Catatan ngobrol dengan seorang tenaga kesehatan di sebuah rumah sakit. Ceritanya meninggalkan jejak di kepala.
Katanya:
“Sekarang banyak banget anak 14, 15, 16 tahun yang hamil. Macam-macam situasinya tapi saat bersalin umumnya terkesan mudah dan cepat.”
Dan di titik itu, aku mulai bertanya dalam hati:
Jadi rasa sakit melahirkan dalam agama dipandang mulia, tapi kenyataan sosial pada remaja seperti tragedi dan mereka kehilangan 'nikmat' itu?
Fakta yang Tidak Bisa Kita Tutup Mata
Menurut Guttmacher Institute, setiap tahunnya ada sekitar 64 kehamilan tak direncanakan per 1.000 perempuan usia reproduksi di dunia. Dan angka ini lebih tinggi di negara berpenghasilan rendah.
Di Indonesia, data Survei Demografi dan Kesehatan Indonesia (SDKI) menunjukkan bahwa sebagian perempuan yang hamil menyatakan kehamilannya tidak direncanakan, termasuk pada kelompok usia di bawah 18 tahun.

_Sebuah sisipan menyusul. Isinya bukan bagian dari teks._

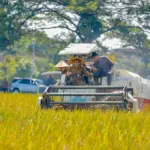 panen raya untuk swasembada pangan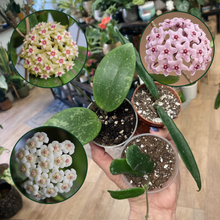 Kép betöltése a galériamegjelenítőbe: Mini hoyák csomagban - Minibelle, Rotundifolia, IML1618 - Tropical Home 
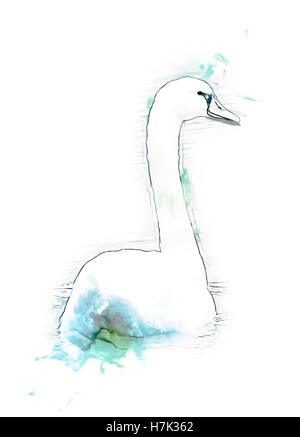 Migliorate digitalmente immagine di un cigno bianco nuotare nel fiume Danubio, Austria Foto Stock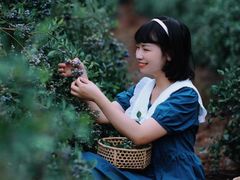 -金谷域澳洲庄园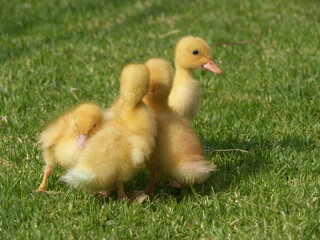 Sweet little duckling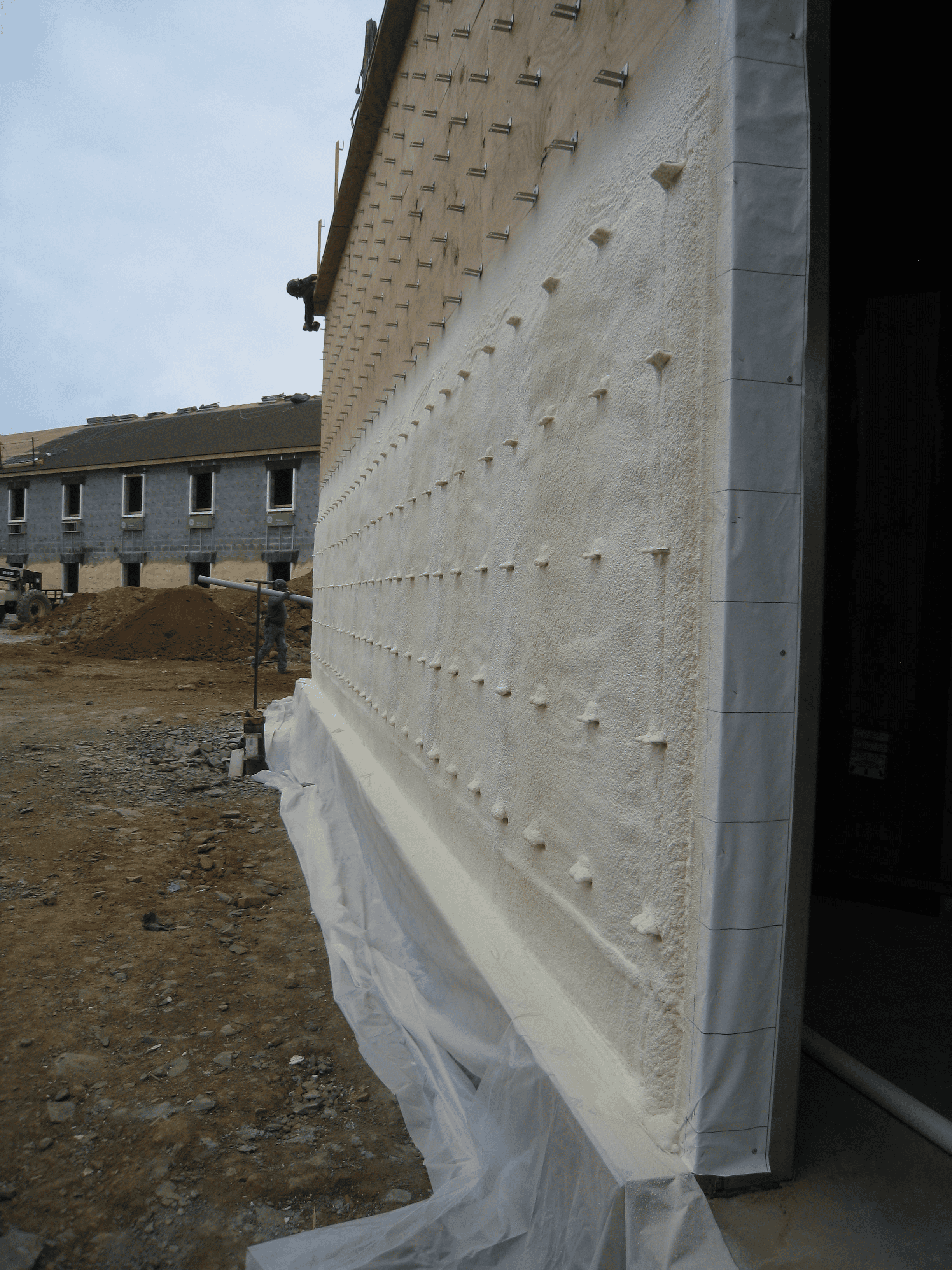 301131609-image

Dan ini yang bikin banyak nakes mengelus dada:
Tubuh remaja belum sepenuhnya siap untuk hamil maupun melahirkan.
Risiko seperti:
-
persalinan macet karena panggul belum matang
-
anemia
-
preeklampsia
-
depresi pascamelahirkan
semua meningkat signifikan pada kelompok ini.
Jadi kalau ada yang bilang,
“Ya udah, asal bisa melahirkan ya sudah.”
Nyatanya tidak sesederhana itu.
Antara Fisik, Mental, dan Makna
Yang menarik, ada fenomena yang muncul dari pengalaman nakes:
**remaja yang hamil tanpa perencanaan kadang justru terlihat melahirkan lebih “cepat”.
Bukan karena mereka lebih kuat, tapi karena:
-
mereka belum punya pemahaman mendalam tentang rasa sakit
-
prosesnya mengalir otomatis seperti refleks biologis
-
tubuh bekerja tanpa narasi mental yang rumit
Tapi… itu pun bukan jaminan mudah. Banyak juga yang menangis, panik, atau trauma — karena mereka belum siap.
Dan di sisi ini, biologi bertemu psikologi:
Hormon stres seperti adrenalin bisa memperlambat pembukaan rahim.
Sebaliknya, rasa aman bisa mempercepat proses persalinan.
Artinya: dukungan, kasih sayang, dan lingkungan aman bukan cuma kebutuhan emosional — tapi juga kebutuhan medis.
Lalu… di mana sisi spiritualnya?
Dalam Islam, ada satu prinsip penting:
Allah menilai niat dan usaha, bukan semata-mata rasa sakit.
Ada hadis sahih yang bilang bahwa setiap rasa sakit — sekecil tertusuk duri — bisa menggugurkan dosa. Bukan rasa sakit untuk disembah, tapi kesabaran selama menjalaninya.
Karena itu, menggunakan epidural atau obat pengurang nyeri tidak mengurangi pahala. Pahala bukan pada sengaja mencari sakit, tapi pada bagaimana seseorang menjalani amanah yang diberikan Allah.
Namun, di titik ini ada perbedaan makna:
-
Ibu dewasa yang melalui kehamilan direncanakan → rasa sakit jadi proses spiritual, bagian dari pengorbanan, cinta, dan ibadah.
-
Remaja yang hamil karena pergaulan, tekanan, atau minim edukasi → rasa sakit sering bukan disertai makna, tapi rasa takut, bingung, dan penyesalan.
Jadi sebetulnya, yang hilang bukan “nikmat” proses lahir,
tapi kesadaran, kesiapan, dan kehadiran makna.
Jadi Apa yang Kita Bisa Lakukan?
Ini bukan tentang menghakimi.
Ini tentang:
-
Ruang aman bagi remaja untuk bertanya
-
Sistem sosial dan kesehatan yang tidak hanya “reaktif” ketika sudah terjadi, tapi preventif
Penutup: Antara Sakit dan Pahala
Melahirkan memang bisa menjadi ladang pahala luar biasa. Tapi pahala terbesar bukan karena rasa sakitnya — melainkan karena tanggung jawab, niat, dan cinta yang menyertainya.
Untuk para ibu — baik yang sudah dewasa atau yang tumbuh terlalu cepat karena keadaan — satu hal yang pasti:
Allah tidak membebani seseorang melainkan sesuai kemampuannya.
Dan bagi kita yang membaca ini?
Tugas kita sederhana tapi besar:
Menjadikan kelahiran bukan ujian yang menjerat anak-anak,
tetapi jalan mulia yang hanya ditempuh ketika seseorang siap menjalaninya.